The allowance for possible loan losses is increased by provisions charged to
expense and recoveries of prior charge-offs, and is reduced by charge-offs. In
establishing the allowance for possible loan losses, management considers, among
other factors, previous loss experience, the performance of individual loans in
relation to contract terms, the size of particular loans, the risk
characteristics of the loan portfolio generally, the current status and credit
standing of borrowers, management's judgment as to prevailing and anticipated
real estate values, other economic conditions in the Corporation's market and
other factors affecting credit quality. Management also evaluates loan
impairment in accordance with SFAS No. 114, "Accounting by Creditors for
Impairment of a Loan" and SFAS No. 118, - "Accounting by Creditors for
Impairment of a Loan - Income Recognition and Disclosure". SFAS No. 114 and SFAS
No. 118 define an impaired loan as a loan where, according to current
information and events, it is unlikely that the creditor will be able to collect
all amounts due according to the contractual terms of the loan agreement.

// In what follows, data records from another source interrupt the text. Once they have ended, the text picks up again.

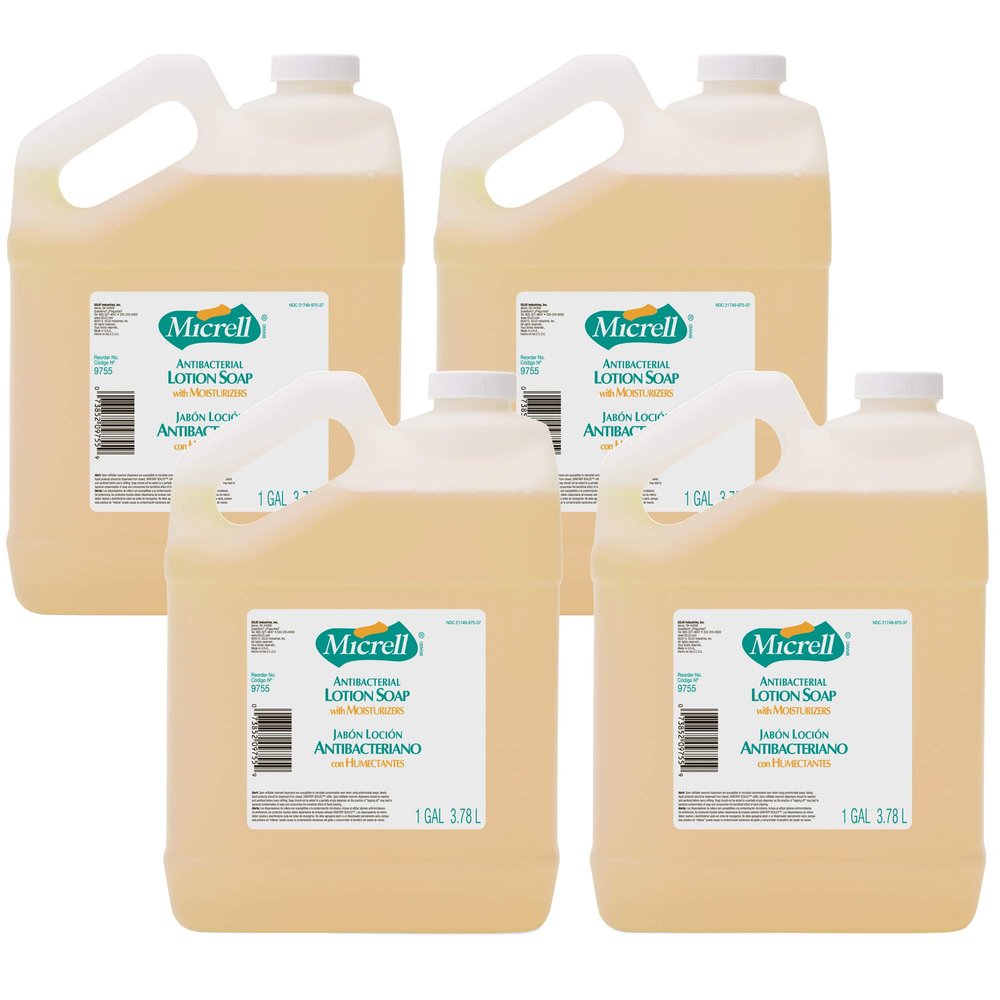 Micrell Antibacterial Lotion Soap Bottle, Citrus Scent, 4ct x 1Gal, 9755-04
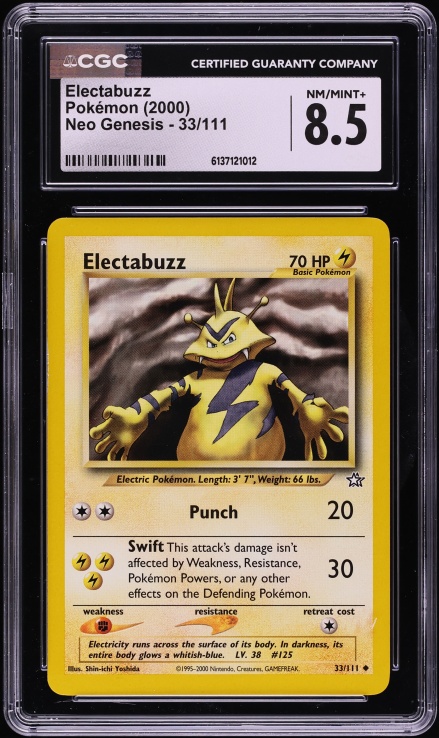 electabuzz pokemon card 1995 value Nintendo Pokemon Neo Genesis Uncommon Electabuzz #33 [1st Edition] [PSA 6]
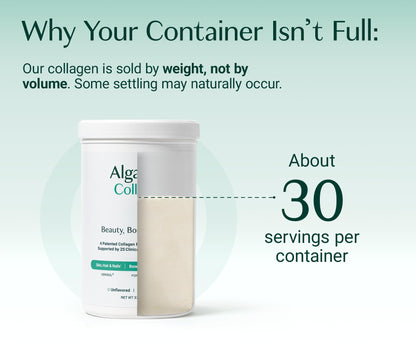 Close up of AlgaeCal unflavored collagen peptide powder tub lid with clear safety seal intact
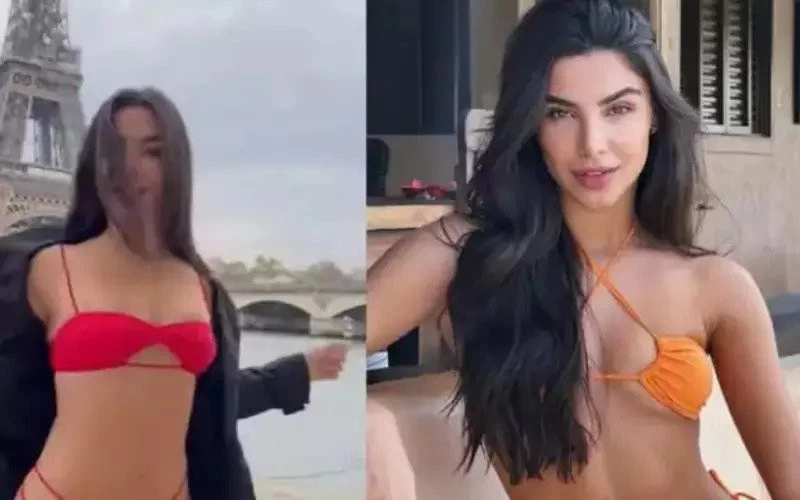 Woman Stripping Off Eiffel Tower Red Bikini Video Viral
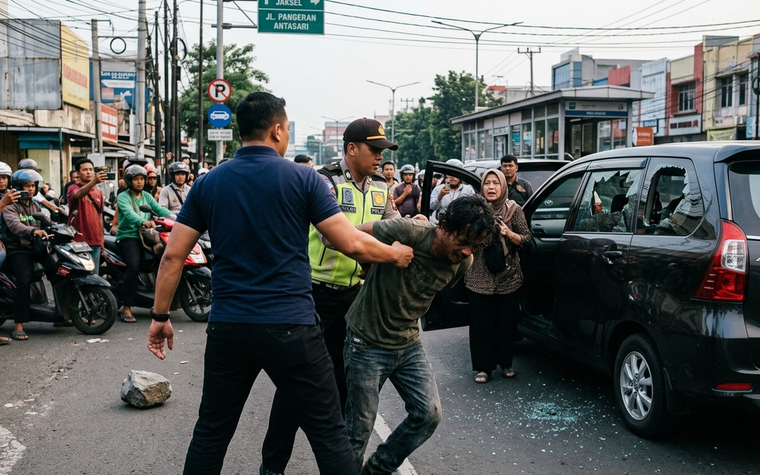 Viral Detik-detik Polisi Tangkap Pelaku Pelempar Batu ke Pengendara di Jaksel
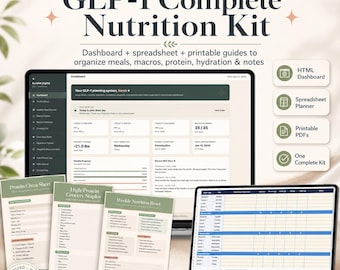 GLP-1 Meal Planner & Macro Tracker | Semaglutide Protein and Hydration Tracker | Dashboard + Spreadsheet + Printable PDF Nutrition Kit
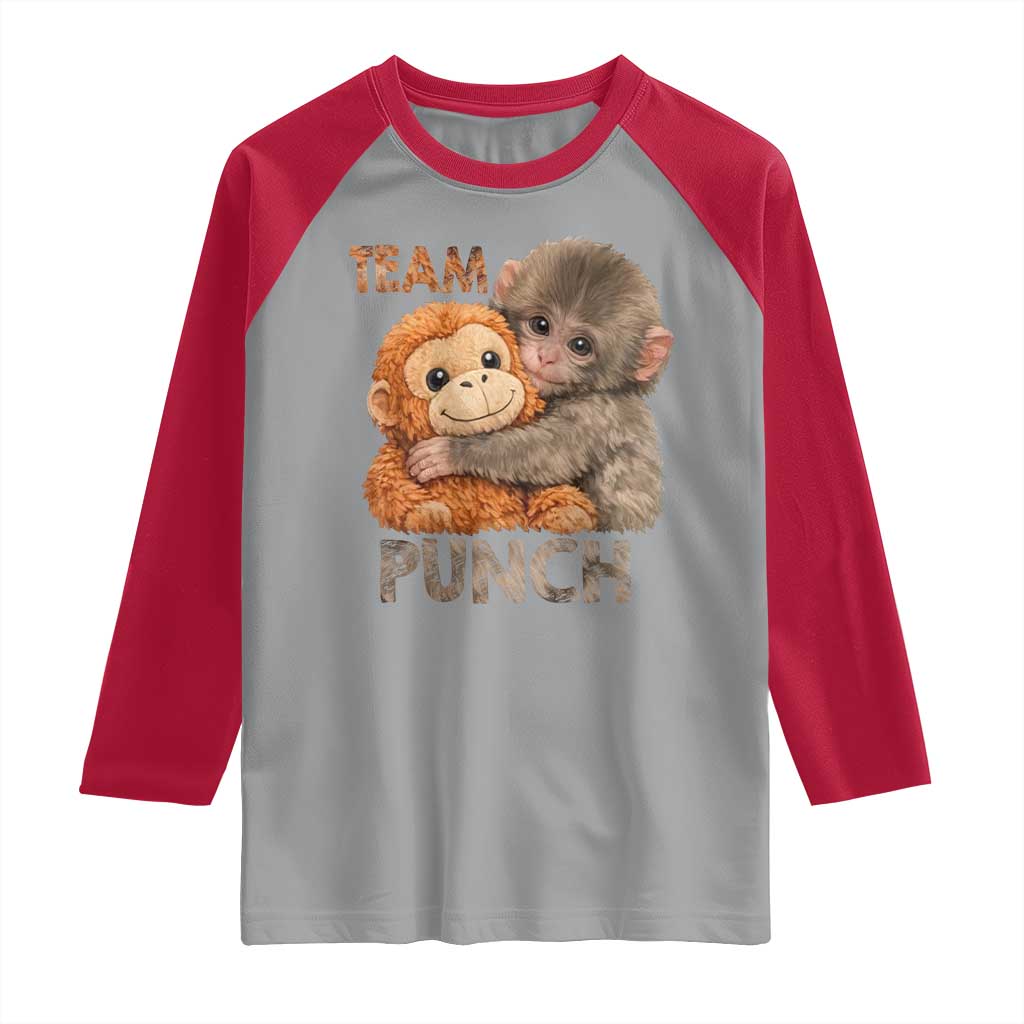 Team Punch Viral Baby Monkey Raglan Shirt Cute Monkey Hugging Plush Toy Internet Trend Gift TS02 Sport Gray Red Print Your Wear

Impairment can be measured by the present value of expected cash flows (net of
estimated costs to sell) discounted at the loan's effective interest rate or the
fair value of the collateral if the loan is collateral dependent. If the value
of the impaired loan is less than the recorded investment in the loan,
management is required to establish a valuation allowance, or adjust existing
valuation allowances, with a corresponding charge or credit to the provision for
possible loan losses. At March 31, 1997, the Corporation evaluated impairment
under SFAS No. 114 and SFAS No. 118 for those loans that cannot be easily
grouped into homogeneous pools of loans and collectively evaluated for
impairment. These loans are primarily commercial and real estate development
loans which are collateral dependent. The Corporation's impaired loans totaled
$3,099,000 and $2,426,000 at March 31, 1997 and December 31, 1996,
respectively, the amount of its commercial nonaccrual and restructured loan
portfolios on those dates. Management believes the allowance for
possible loan losses at March 31, 1997 of $5.2 million, or 274.7% of
nonperforming loans and 3.2% of total loans, was adequate. Management continues
to actively monitor the Corporation's asset quality and to charge off loans
against the allowance for possible loan losses as it deems appropriate. Although
management believes it uses the best information available to make
determinations with respect to the allowance for possible loan losses, future
adjustments may be necessary if economic conditions differ substantially from
the assumptions used in making the initial determinations.
LIQUIDITY
At March 31, 1997, the Bank's liquid assets consisted of cash and due
from banks of $11.4 million, federal funds sold of $8.8 million and securities
available for sale of $44.5 million.
14
<PAGE> 15
Management deems these amounts to be more than adequate to meet its short-term
cash needs.
The parent company held $2.4 million of cash and cash equivalents at
the Bank at March 31, 1997. Its cash flows from operations are essentially
break-even. These funds are available for general corporate purposes.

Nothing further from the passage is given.